I have several double integrals, about $20$.
One of them, with $C1, C2, x_{iu}, x_{jl}$ being four real constants, is:
$\displaystyle \frac{2}{C_1}\frac{2}{C_2}\int_{x_{jl}}^{x_{iu}}\int_y^{x_{iu}}(x - y)(x - x_{iu})(y - x_{jl})dxdy$
I've managed to compute:
$\displaystyle \int_y^{x_{iu}}(x - y)(x - x_{iu})(y - x_{jl})dx$
$\displaystyle = \frac2{C_1}\frac2{C_2}(y - x_{jl})\left(\frac{x_{iu}^3-y^3}3 - (x_{iu} + y)\frac{x_{iu}^2 - y^2}2 + x_{iu}^2y - y^2x_{iu}\right)$
by hand, but that took me more than 1 hour and thus I won't have enough time to compute all of the $20$ integrals by hand.

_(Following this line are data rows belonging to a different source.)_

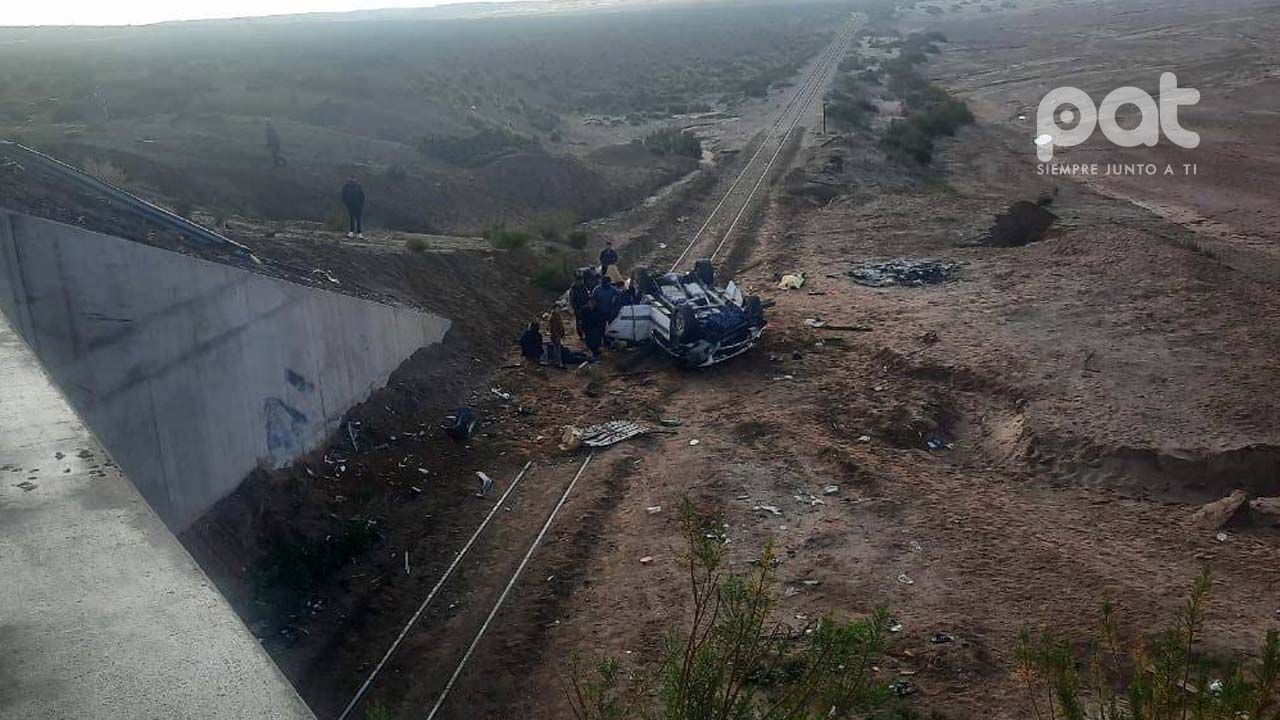 Fatal accidente en la carretera Uyuni - Tupiza deja cinco personas fallecidas y cuatro heridos 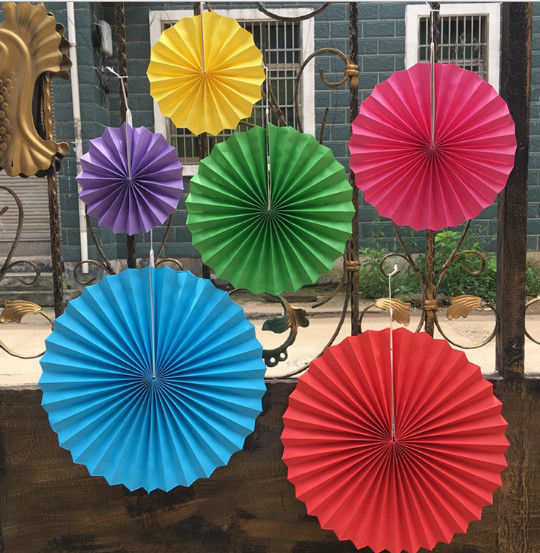 The paper fan consists of two diameters of 40 cm and two diameters of 30 cm. Two 20-centimeters, a total of six fan-flow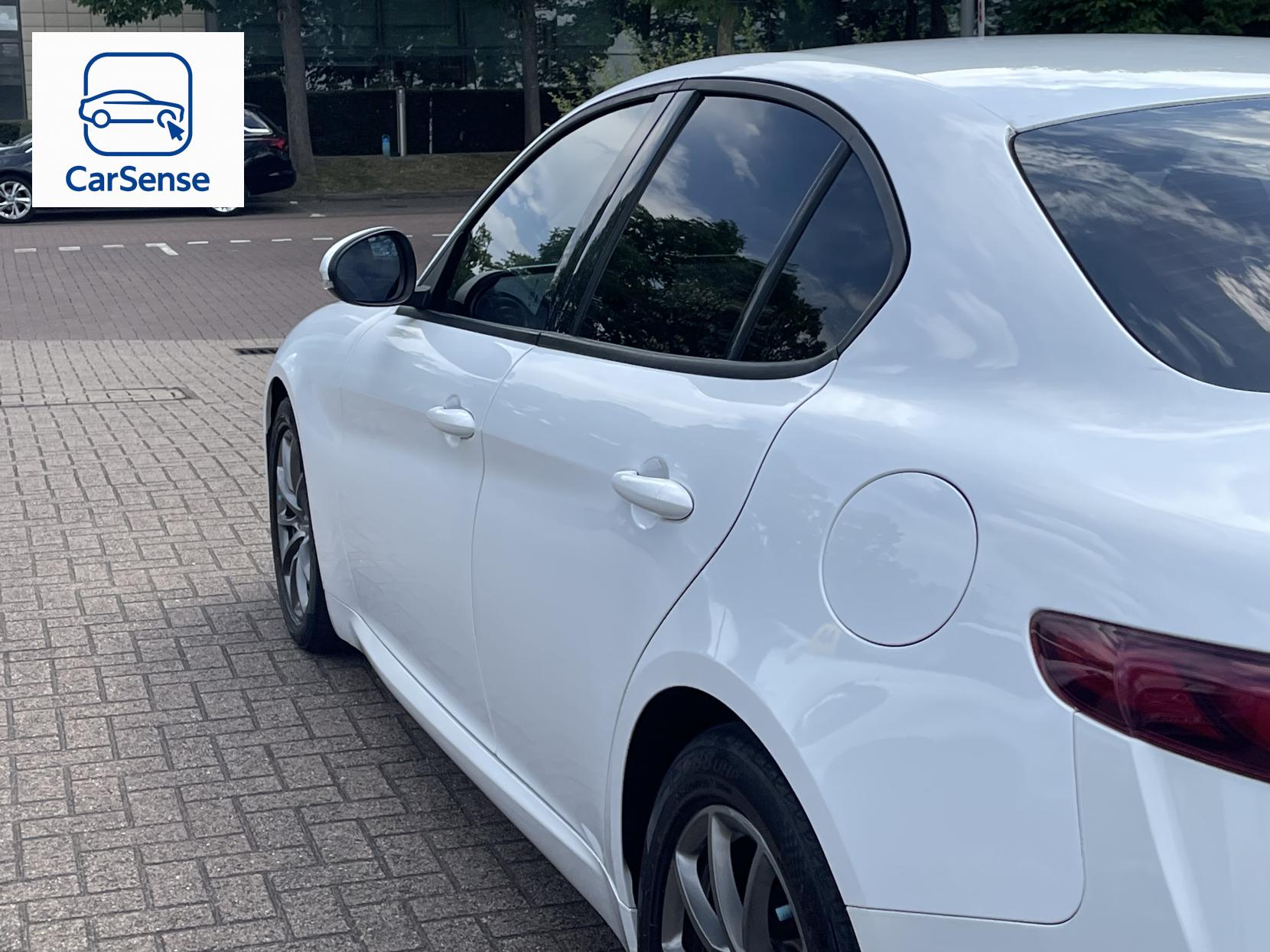 Alfa Romeo Giulia 2.0T Super Saloon 4dr Petrol Auto Euro 6 (s/s) (200 ps)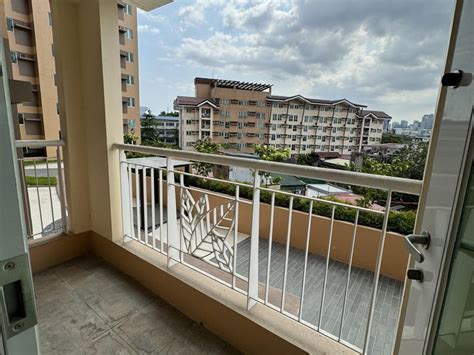 Condo For Sale in Pasig with Balcony .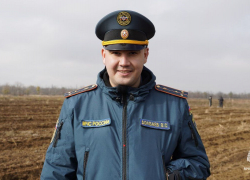 Пожарный в отпуске бросился тушить горящую фуру под Волгоградом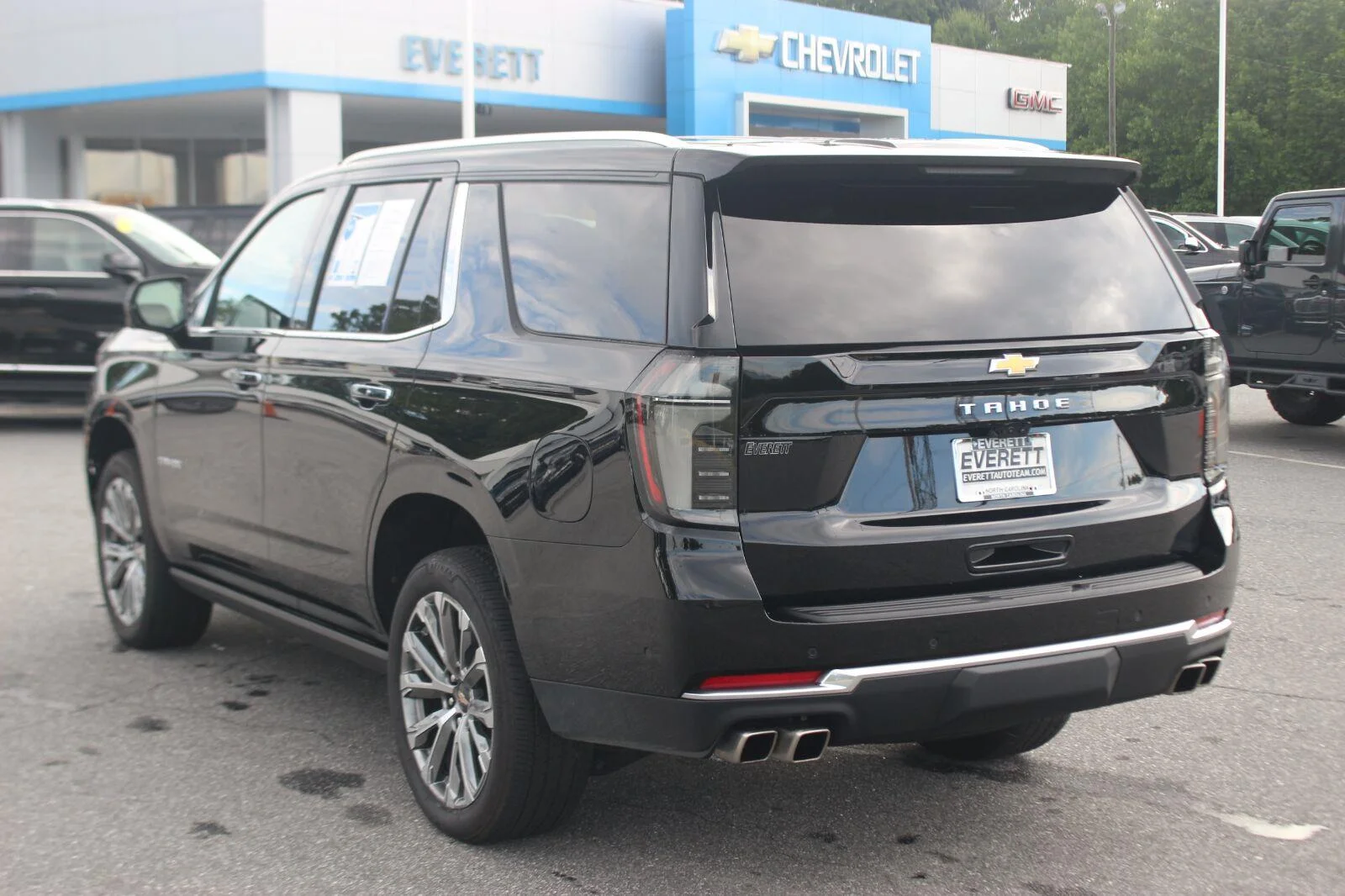 Used 2025 Black Chevrolet High Country image 5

That's why I'm looking for a free software that can help me trough the computations of these integrals. Note that all the functions within the $10$ double integrals are polynomial functions.
You need a Computer Algebra System. Most popular commercial ones are Mathematica and Maple.
WolframAlpha is a good tool to do such calculations online. The free version has a limit in calculation time but for your problem it is working.